_WORK TO COMPLETE:_ With the pictures omitted, please transcribe exactly the lines beginning at the one that contains "2024 John Deere 412R Image 1" and ending with the last line of the records below.

* * * * * * * * *

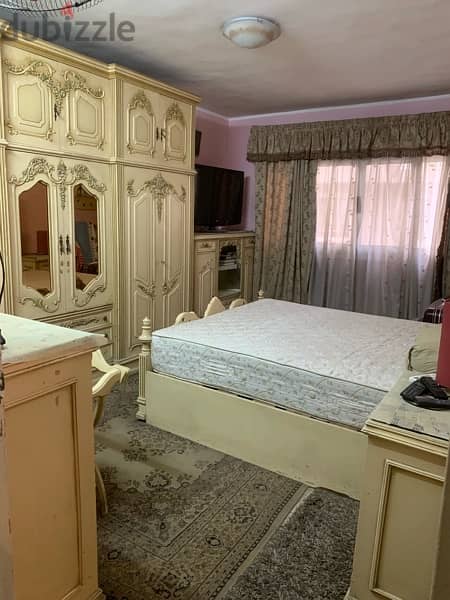 Apartment in sakanat el Maadi 7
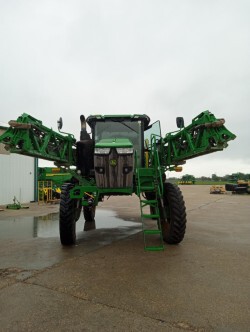 2024 John Deere 412R Image 1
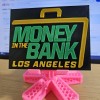 Mattel WWE Mattel Money In The Bank Los Angeles 2025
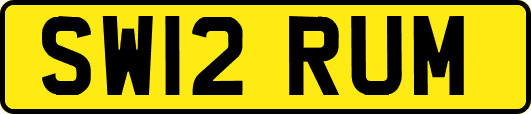 SW12RUM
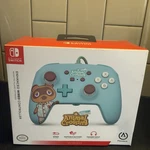 Nintendo Switch Animal Crossing Wired Controller New Sealed 2 Compatible. Fixed Price $25.99.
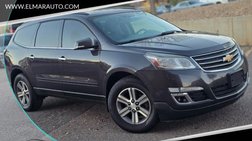 2016 Chevrolet Traverse LT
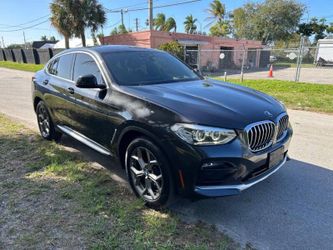 2020 BMW X4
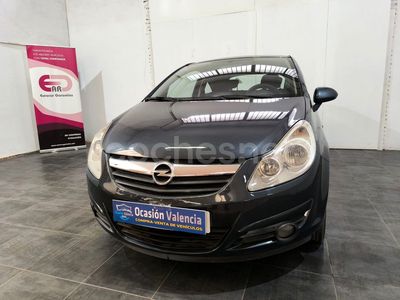 Gris / plata Usado 2009 Opel Corsa Berlina | 4999 € (Precio justo)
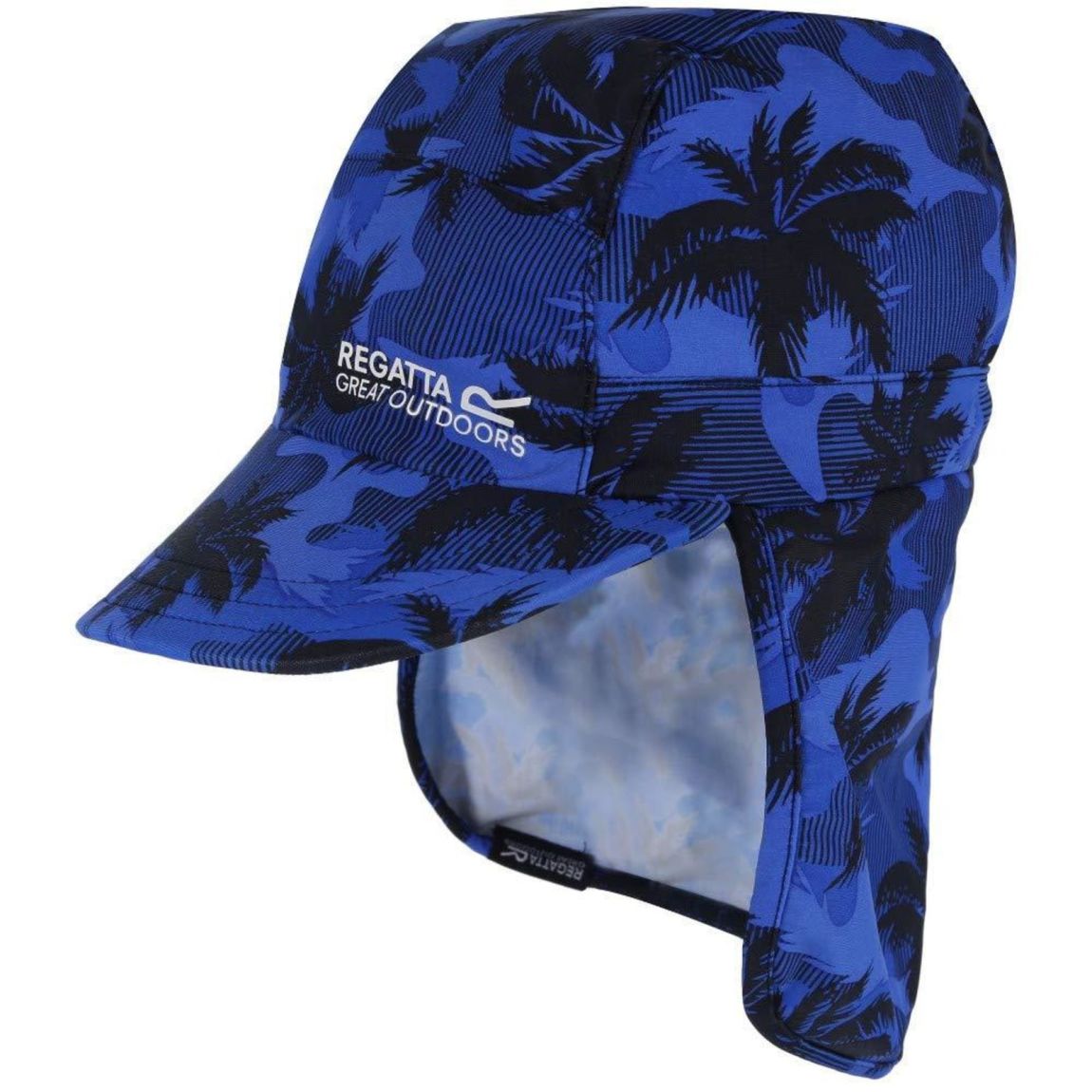 Casquette Bleu main product photo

* * * * * * * * *

_ANSWER TO THE EXERCISE:_
 2024 John Deere 412R Image 1
 Mattel WWE Mattel Money In The Bank Los Angeles 2025
 SW12RUM
 Nintendo Switch Animal Crossing Wired Controller New Sealed 2 Compatible. Fixed Price $25.99.
 2016 Chevrolet Traverse LT
 2020 BMW X4
 Gris / plata Usado 2009 Opel Corsa Berlina | 4999 € (Precio justo)
 Casquette Bleu main product photo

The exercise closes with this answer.